In this case, though, “we couldn’t afford to do this.”
“Every one of these panels has a inch joint between this panel and the next panel, and every one of them has to be perfect,” McCorkle said.
“If you can imagine doing a puzzle with all these pieces, and something not aligning … for it to work we had to be absolutely sure that the subcontractor before him and the subcontractor before them, that everything was done and it was totally coordinated, with everybody’s input, to come up with the right process.”
“This mock-up took us 10 months to build and was a huge milestone in the project,” McCorkle said. “Once this got approved, it allowed us to release everything for fabrication.”
Inside the building, the personally curated tour that begins on the third floor and spirals down through a series of exhibits travels through spaces designed to maximize more than just information delivery.
They wanted emotion, a “sensory experience,” said former Olympian Farrell, who’s now working on the museum’s content committee to promote the project and gather “valuable input” from Olympic and Paralympic athletes.
The build up to the Parade of Nations exhibit is physically designed to amplify the moment’s actual, and spiritual, acoustics.
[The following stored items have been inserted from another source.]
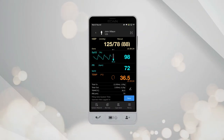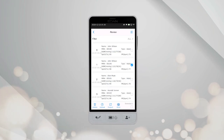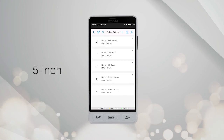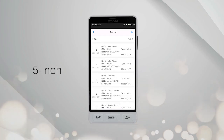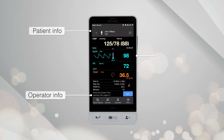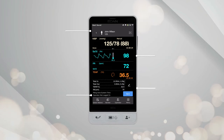As a handheld device, the IM3S is also intelligent and user-friendly, like your smartphone. Rich information can be presented with a 5-inch large display, including patient info, operator info, measurements, pleth waveform, and additional customized parameters input if needed.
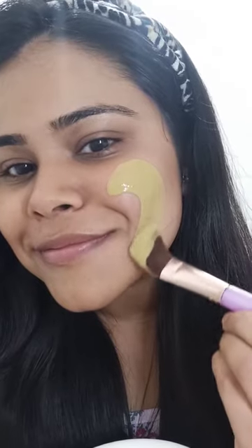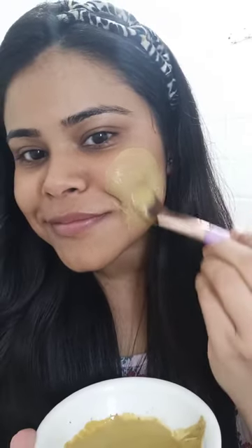I've added two spoons of the face cleanser and mixed it with warm water. Now I'm applying the paste evenly all over my face with the help of a brush.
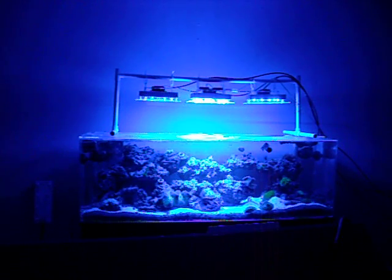I do have pretty decent coverage all the way across the tank. The LEDs are suspended about 8 to 10 inches above the tank on our testing PVC rack. Excuse the rack, but we do have to have something for testing purposes.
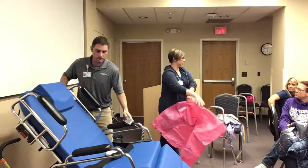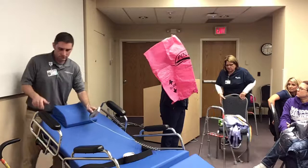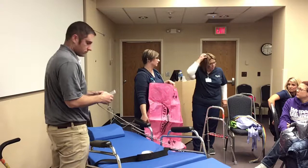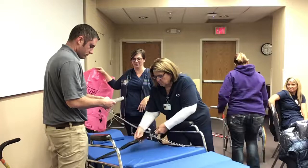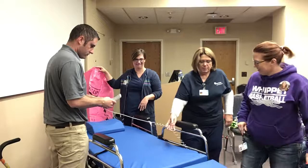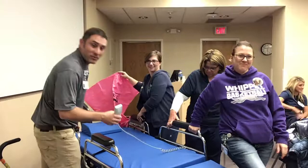Whichever direction you're going to move your patient, that's the way the arrows are going to go. So if you're boosting your patient, this slide sheet goes right underneath them. If the patient's able to, they can lift their knees up and just push themselves up. It's that simple to have your patient boosted.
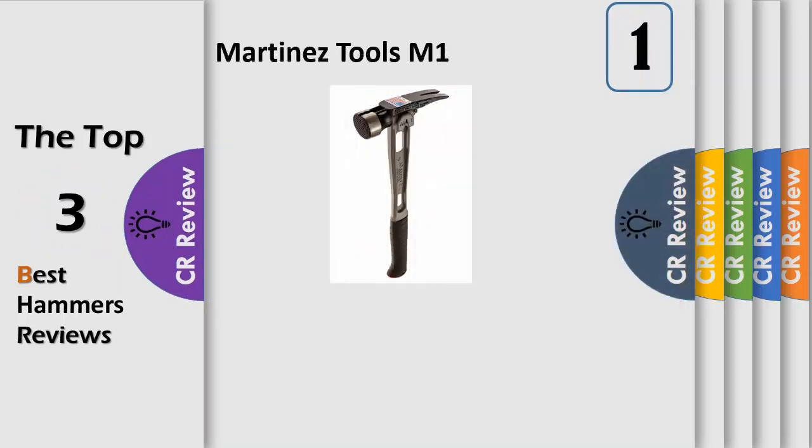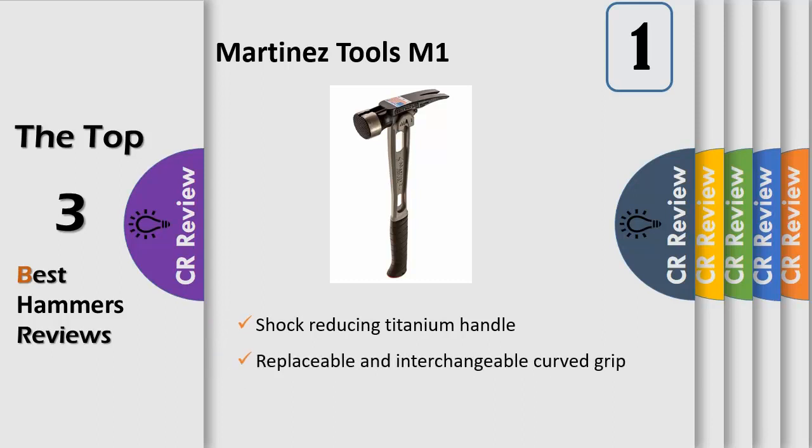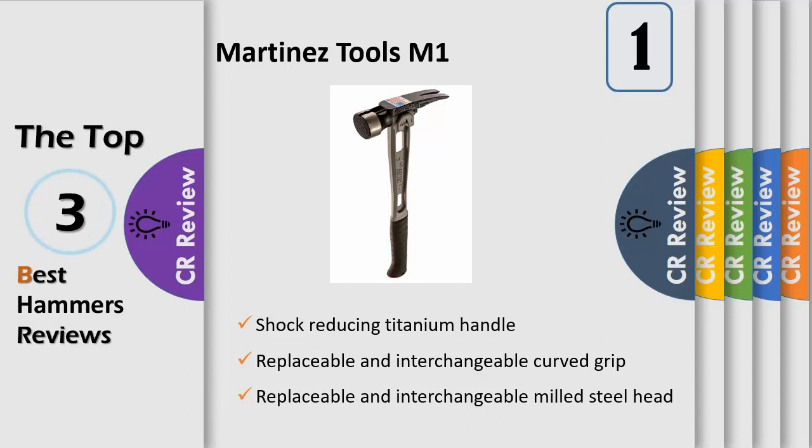The M1 Titanium Handle Milled Steel Head Curved Grip Framing Hammer, with its revolutionary design, is the first of its kind to feature a replaceable grip — curved or straight — and a replaceable steel head, milled or smooth. That's right, the M1 Framing Hammer is the last hammer you will ever need. The sleek and attractive design touts the removable all-steel head that refrains from loosening even after the toughest abuse.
Farrell said that ceremony was one most Olympic and Paralympic alumni agree was their most powerful experience of the Games.
The goal was to recreate that feeling, as closely as possible. Which meant using the space to build anticipation.
“When I walked into the opening ceremony in ’84 — to a coliseum full of 100,000 people — there was a big long tunnel. It was dark, but as you got closer to the stadium you could see the light. You could see the crowd. You could hear it,” Farrell said.
“It was an amazing sort of visceral experience that we talked a lot about when they were doing the design, so that part was really kind of an important piece of the build up. We’re hoping too that when athletes come to visit and they go through, they say we got it right. And we’re working really hard to make sure that happens.”
As part of her job with the museum, Farrell sometimes leads tours of the building as construction wraps up.
In May, she took her daughter, Abby, a Paralympic hopeful who plays wheelchair basketball for the University of Illinois, where she will be a junior in the fall.
Abby was one of the athletes Chris Liedel spoke with, when trying to make sure the museum’s design not only met, but exceeded, legal requirements for visitors with disabilities.
Liedel, she said, had questions about whether “someone in a wheelchair would be able to fully experience everything; would they be able to reach everything?”
Abby said she’s excited to be part of the project as a contributor, extended member of the Olympic family, through her mom and just a local witness.
“I was in town last summer and got to drive by every day when it was still kind of a skeleton almost,” said Abby, who interned with U.S. Figure Skating last summer and is headed to USA Triathlon this break.
“Now that I’ve been gone 8 months and I’m back, it’s like, wow. This is cool to be able to see it more complete and I can’t wait to see it when it’s done.”